PDF Text plugin does not appear to extract fulltext

I am brand new to Omeka, and started by installing the PDF Text plugin. I uploaded a single 16-page PDF and set the plugin to indexing the fulltext. After about half an hour, it does not appear to have done anything. When I look at the PDF Text : Text field, it’s empty. If I edit the entry by hand, it will search as desired, but the plugin doesn’t appear to be updating the field.

I FTPd the PDF up to the server and ran pdftotext on the command line, and it work ok (though it does throw some errors about fonts unless I run it with the -q quiet mode). Is there any way to diagnose where it’s breaking down, or track its progress, or anything like that?

Thanks
Ken

PS - I’m using Omeka 2.6.1 and PDF Text 1.3

The best way for me to diagnose where it’s breaking down is to test the file on my installation. Would you send me the problem PDF (upload or link)?

Hi Jim – thanks for the reply.
Here’s a link to a downloadable copy of the file:

Thanks
Ken

The plugin successfully extracts text from that PDF on my installation, and I get no errors when extracting text on the command line. What version of pdftotext do you have? Run pdftotext -v to get the version.

It’s pdftotext version 0.12.4. And it’s working on the command line with this file.

Given that it’s the first document I’m uploading to a new Omeka install and the first plugin I’m adding to that install, I’m guessing that something about my setup isn’t working as planned, and I wonder where I can start on tracking down the problem. Maybe a bad permissions setting?
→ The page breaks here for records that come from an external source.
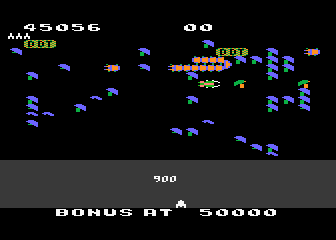 Millipede (Atari 8-bit) screenshot: I shot the spider for 900 points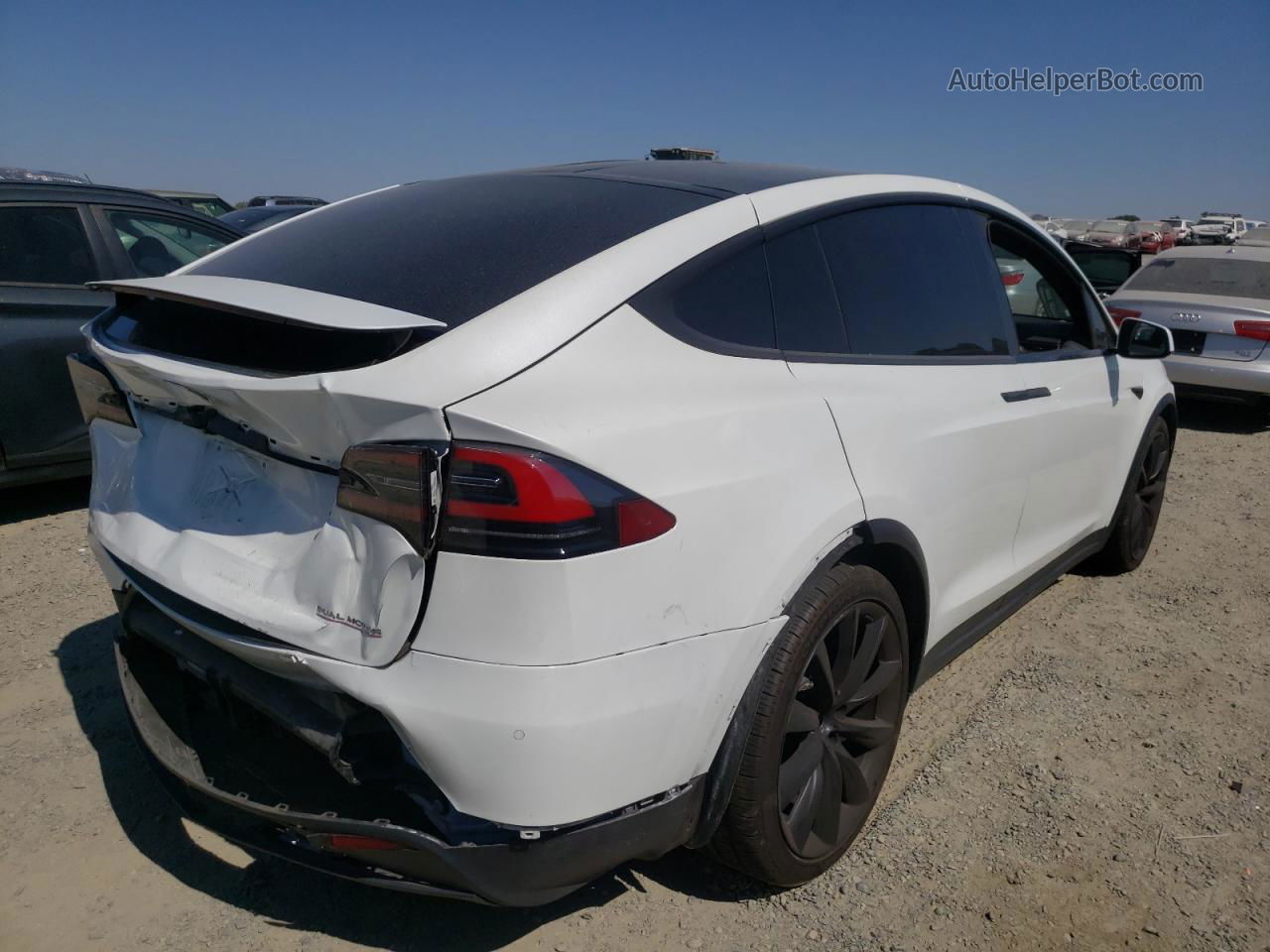 2020 Tesla Model X  White vin: 5YJXCDE49LF285148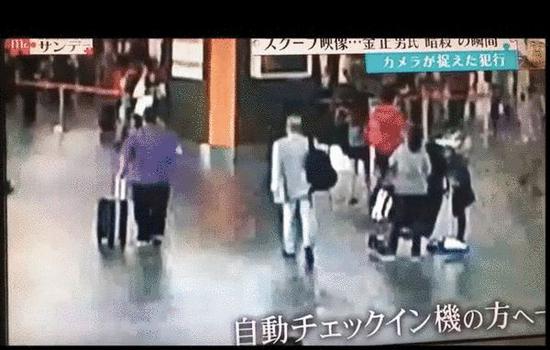 随后,金正男走向大厅询问台东侧的自助值机柜台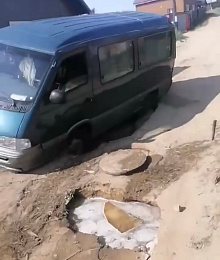 В Улан-Удэ спасают провалившийся в яму автомобиль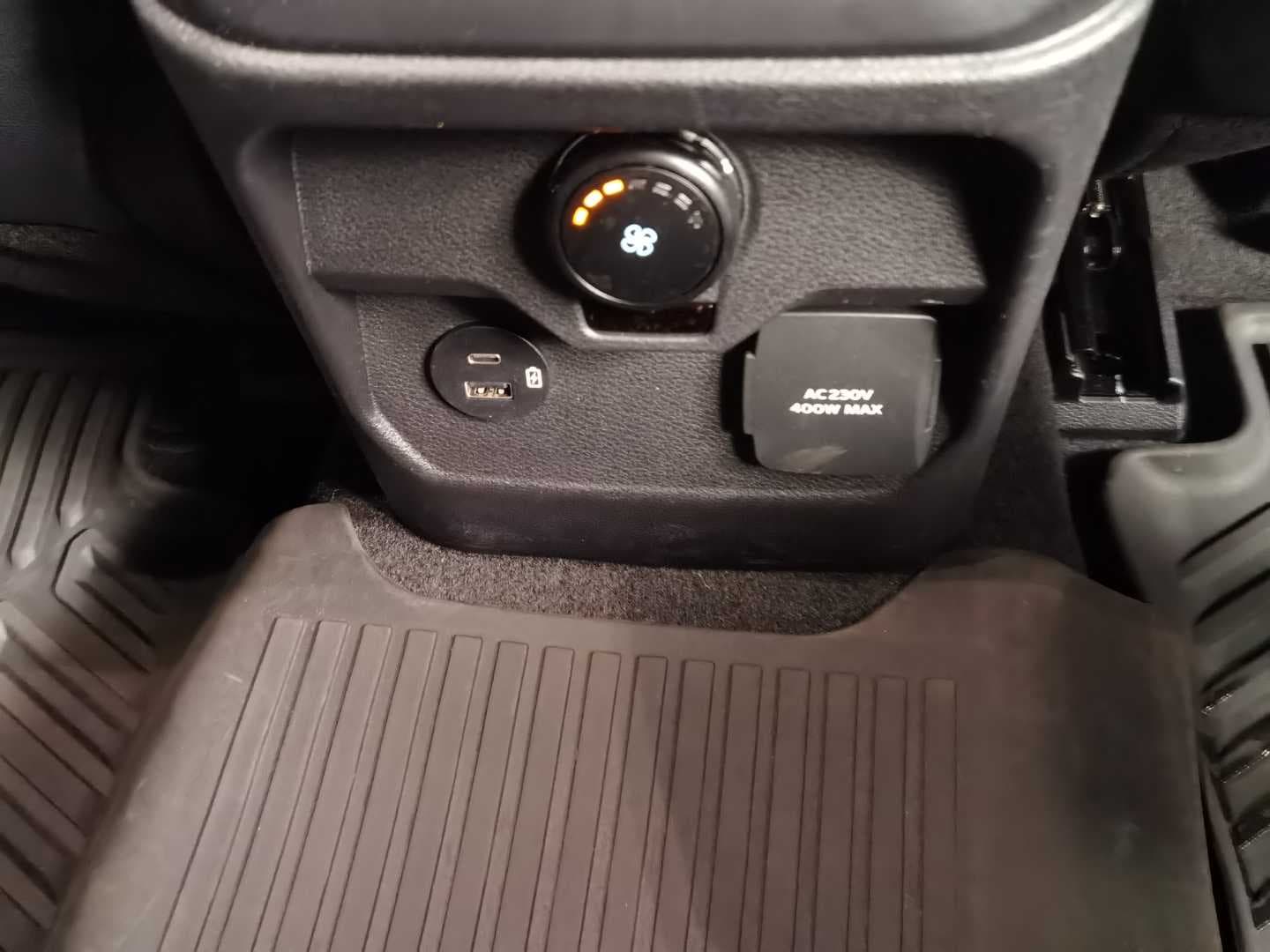 FORD EVEREST 3.0D V6 SPORT AWD A/T image 12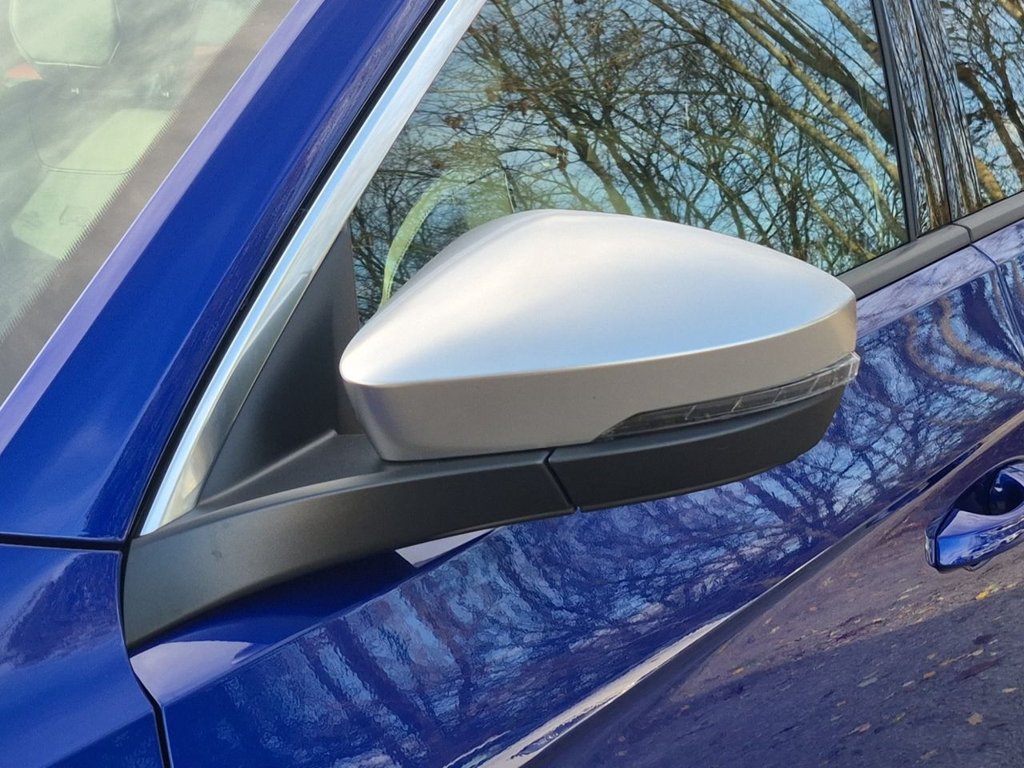 Used Volkswagen T-Roc 2019 for sale - 76535900: Photo 35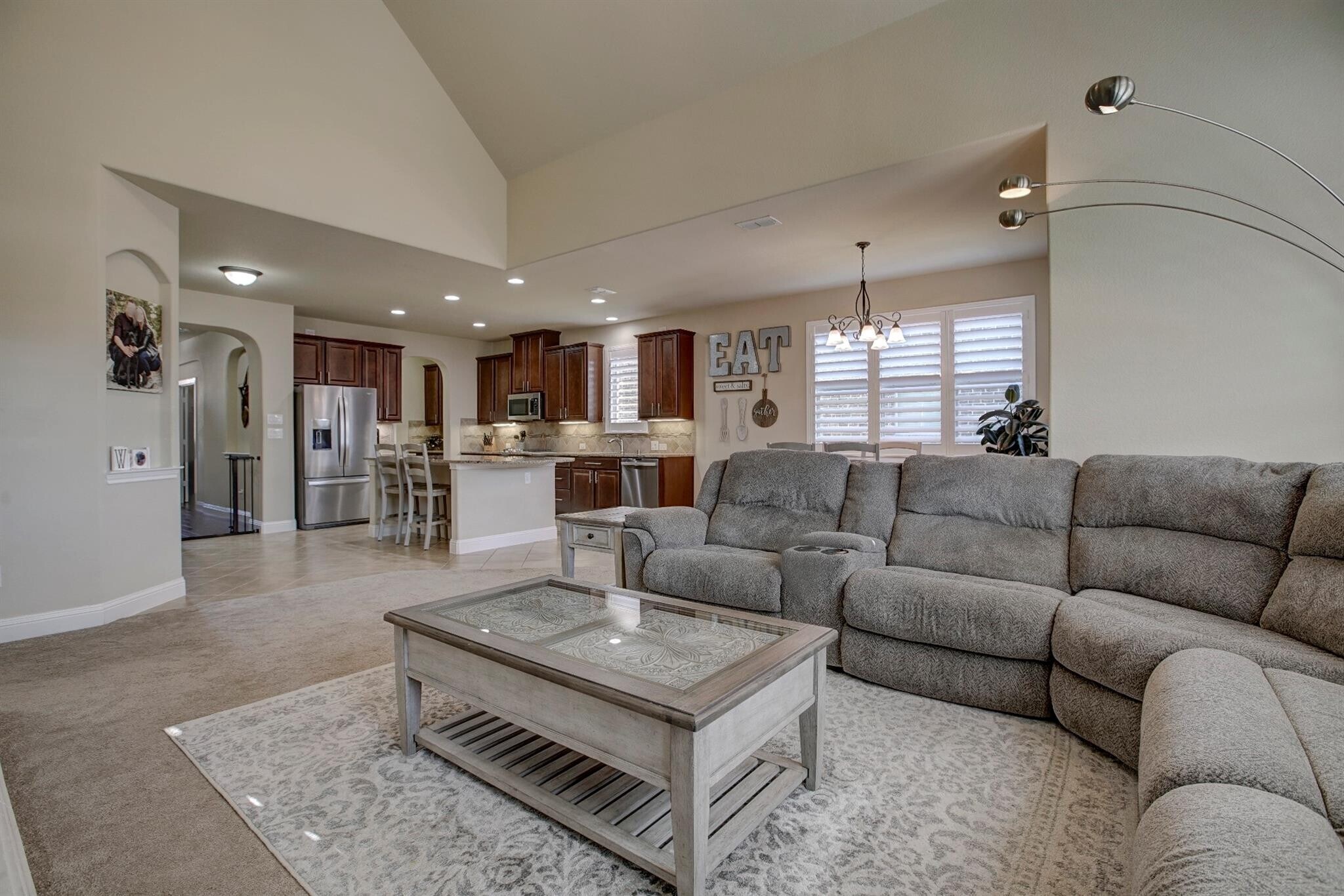 Building Photo - 2046 Sundown Dr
Is it possible to tell if the plugin as initiating any processes or if it’s not even getting that far? I don’t know what tools might exist on the server for diagnosing the problem.

Any ideas?

Thanks,
Ken

You can activate error logging following these directions: https://omeka.org/classic/docs/Troubleshooting/Retrieving_Error_Messages/#activate-error-logging

Ever more complicated: I can’t get the logging to work at all. Any idea how I can troubleshoot that?

The Omeka install was done through Softaculous on a web host using Lightspeed. Too many layers of trouble…
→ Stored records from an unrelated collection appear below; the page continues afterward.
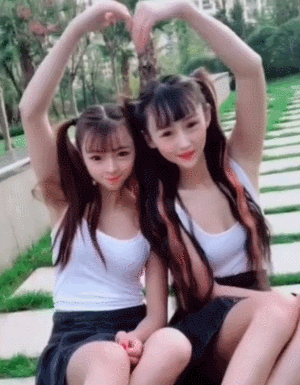 長(zhǎng)發(fā)美女 網(wǎng)紅 直播 可愛(ài)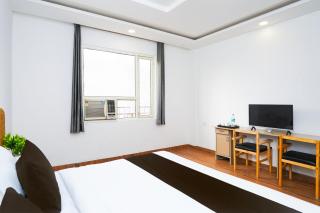 Super Hotel O Sky Suites Hotel Noida Sec 44 Near botanical Metro - Noida - 3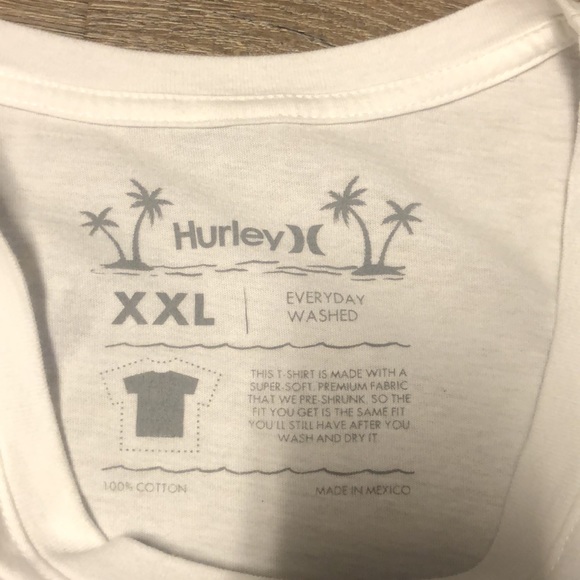 Brand🆕🔥💖🔥 HURLEY short sleeve tee - Picture 3 of 7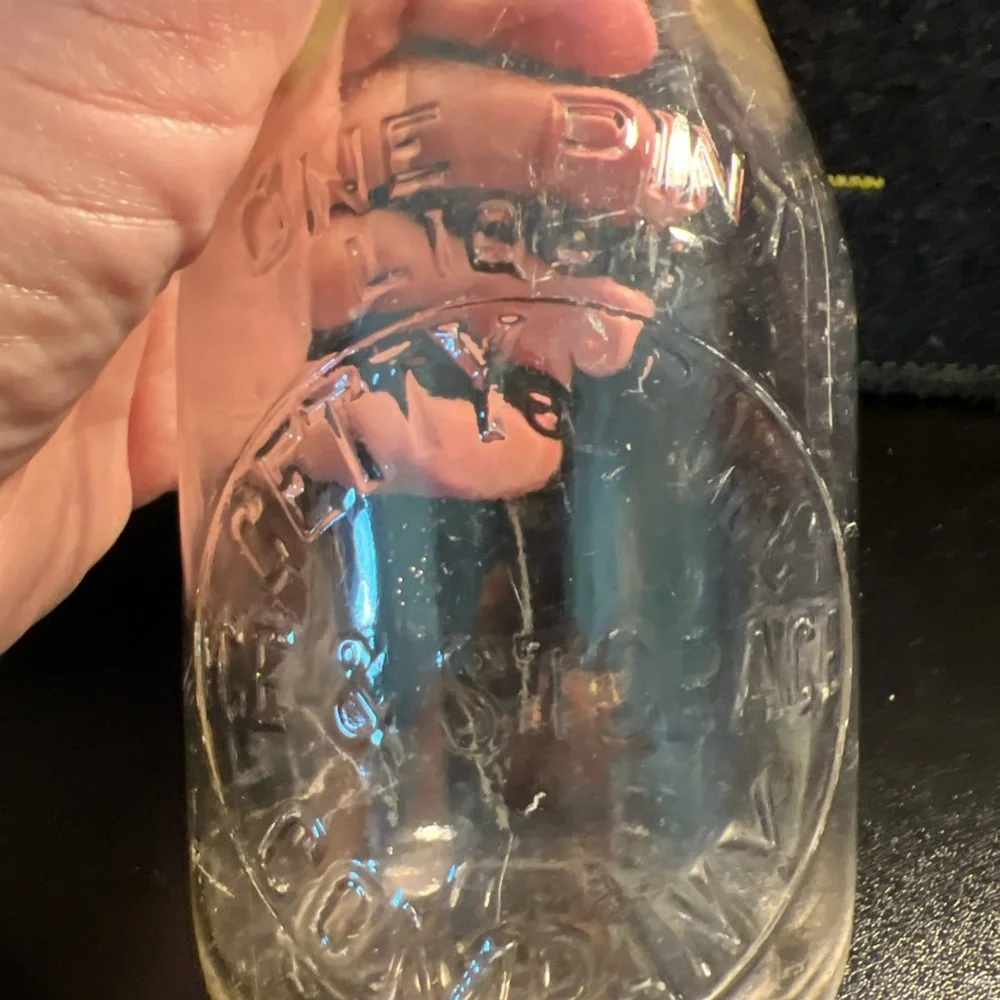 Vintage Gettysburg PA Company Ice and Storage 1 Pint Milk‎ Bottle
Perhaps this solution will work? Cannot upload any files and errors.log doesn't work

Otherwise, contact Softaculous or Lightspeed about the issue.

Thanks – I’ll take a look at this, and already contacted Softaculous. We’ll see what comes of it…

Thank yoU!
Ken

We’ve got the logging working, but I’m not seeing any log results when I try to run the PDF Text plugin. So I want to see if my expectations are correct about how this should work. I made a video to show my process:

All I’m doing is

  1. Going to the plugin page
  2. Clicking “Configure” for the PDF Text plugin
  3. Checking the checkbox on the plugin page and clicking “Save Change”
  4. The screen reports that the changes have been saved.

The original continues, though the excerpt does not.